◆ **Problem statement**
Extract the full listing verbatim and drop any pictures from your copy.

◆ **Data extract**
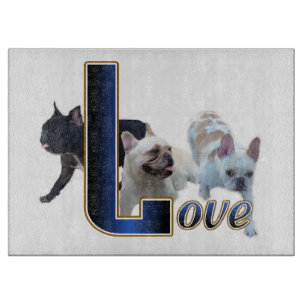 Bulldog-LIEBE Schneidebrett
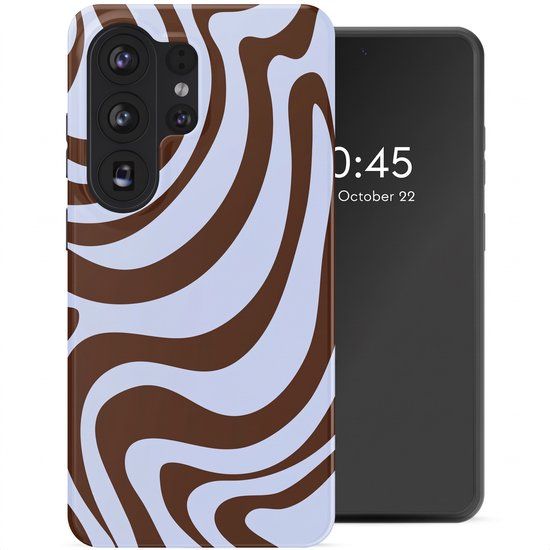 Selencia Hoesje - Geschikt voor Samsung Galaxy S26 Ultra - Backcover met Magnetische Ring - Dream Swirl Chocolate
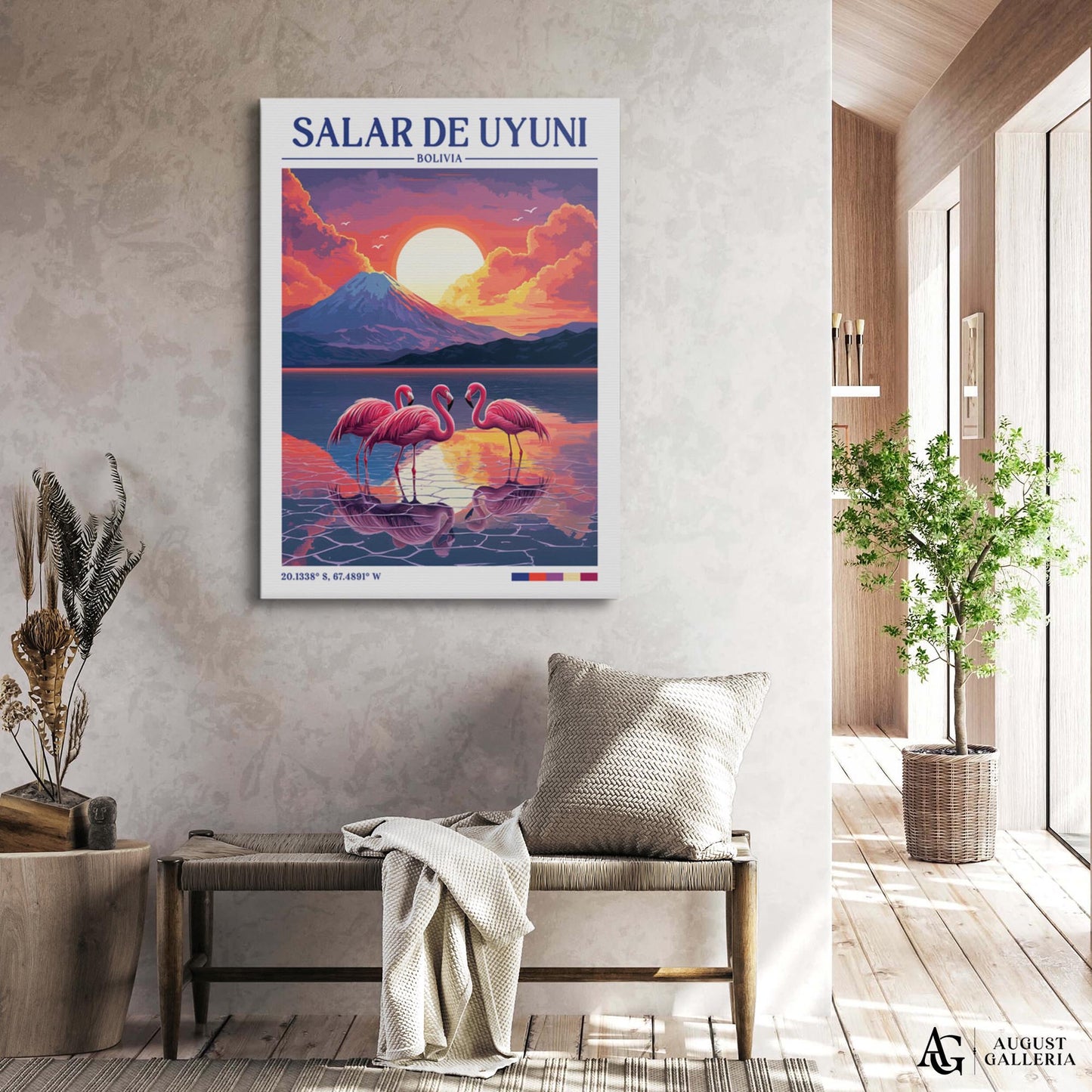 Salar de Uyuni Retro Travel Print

◆ **Task result**
 Bulldog-LIEBE Schneidebrett
 Selencia Hoesje - Geschikt voor Samsung Galaxy S26 Ultra - Backcover met Magnetische Ring - Dream Swirl Chocolate
 Salar de Uyuni Retro Travel Print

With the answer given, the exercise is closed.